Source: A Line Not Worth Crossing by Jeff Bryan, Citrus County Chronicle; 1/16/22
No story is worth crossing the line to gain readers or increase web views by citing unnamed sources. It’s what differentiates us from those willing to be first and those eager to drive up website traffic [...] We’re not willing to compromise our principles for a few extra clicks on our website. We’ll leave that glory to the bloggers
This Sunday commentary from the Executive Editor of the Chronicle was a direct shot at Just Wright Citrus' post two weeks ago about Target potentially coming to Citrus. I get Jeff's frustration here. However, I disagree with him on one point.
His assertion is that increased website traffic was the primary motivator behind Mike Wright's decision to publish the post about Target from an unnamed sole source, undercutting true journalistic principles.
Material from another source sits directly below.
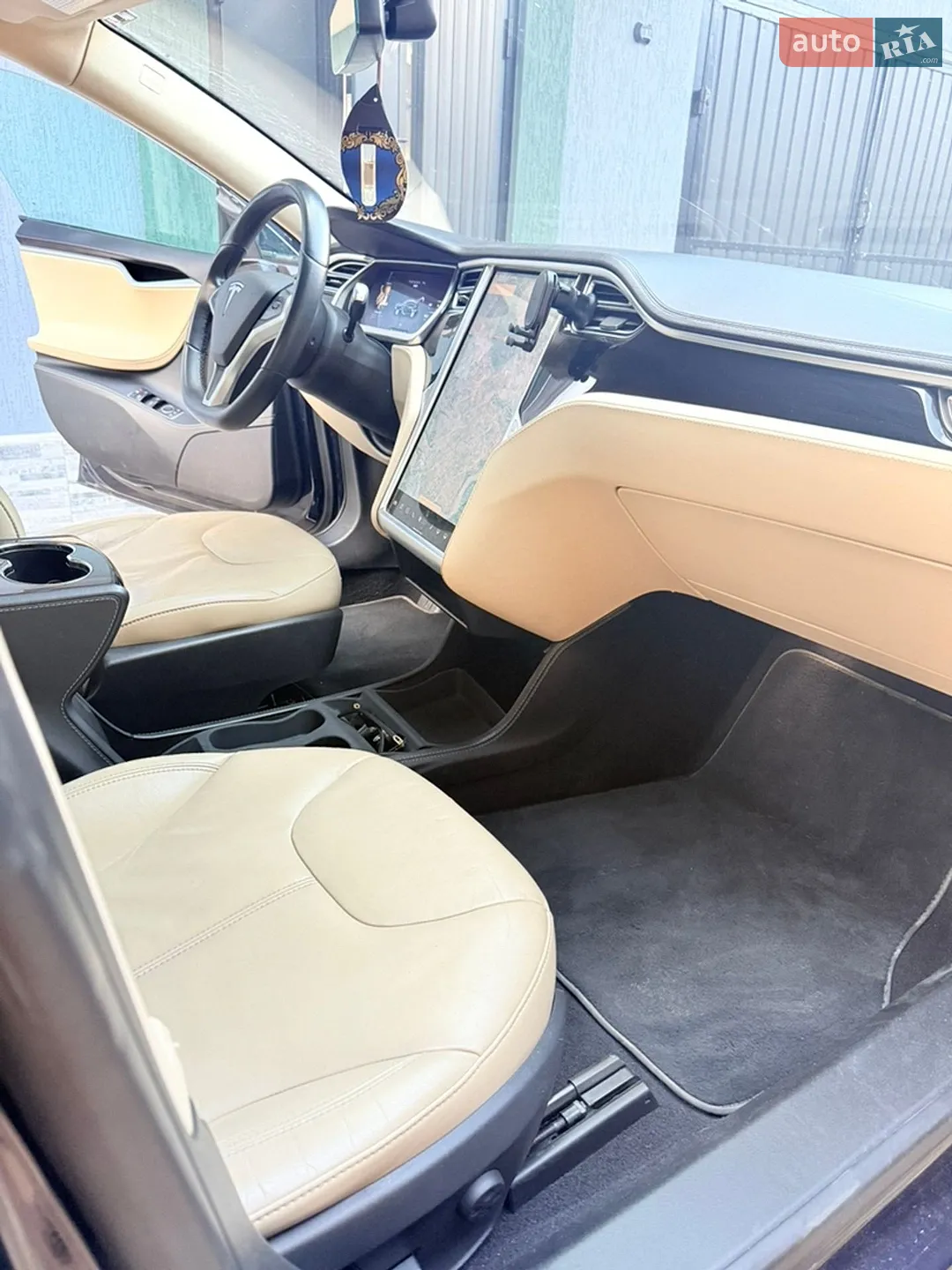 2014 Tesla Model S - мініатюра 11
While Mike had a cringe moment bragging about the increased size of his audience in the next post, I truly don't think this is the case.
Mike's primary motivation, in my opinion, was far less about personal gain but equally (if not more) problematic. His standard for publication was asking the question, "is this story good for Citrus County?" Sounds great, right? The problem part is, according to whom.
Swap out "Target coming to Citrus" with "this politician I don't like running for office" and the lowered publication standard of "is this good for Citrus?" becomes one completely untethered from objective journalism and one instead trapped in a framework of personal bias.
My evidence for this is that Mike defended himself in a follow up post saying "this is pretty much how it works." Of course he thinks that! This lower publication standard has been the culture of the Chronicle for decades. Good journalism never played a role in the decision to publish because the story met the only criteria that mattered.
Fighting this culture was the entire reason I launched the Concurrent about a year ago. I'm happy Jeff wrote his piece, although I do think it's harsher than even my own criticism of the situation, but I do think he needs to recognize where this approach to reporting was learned.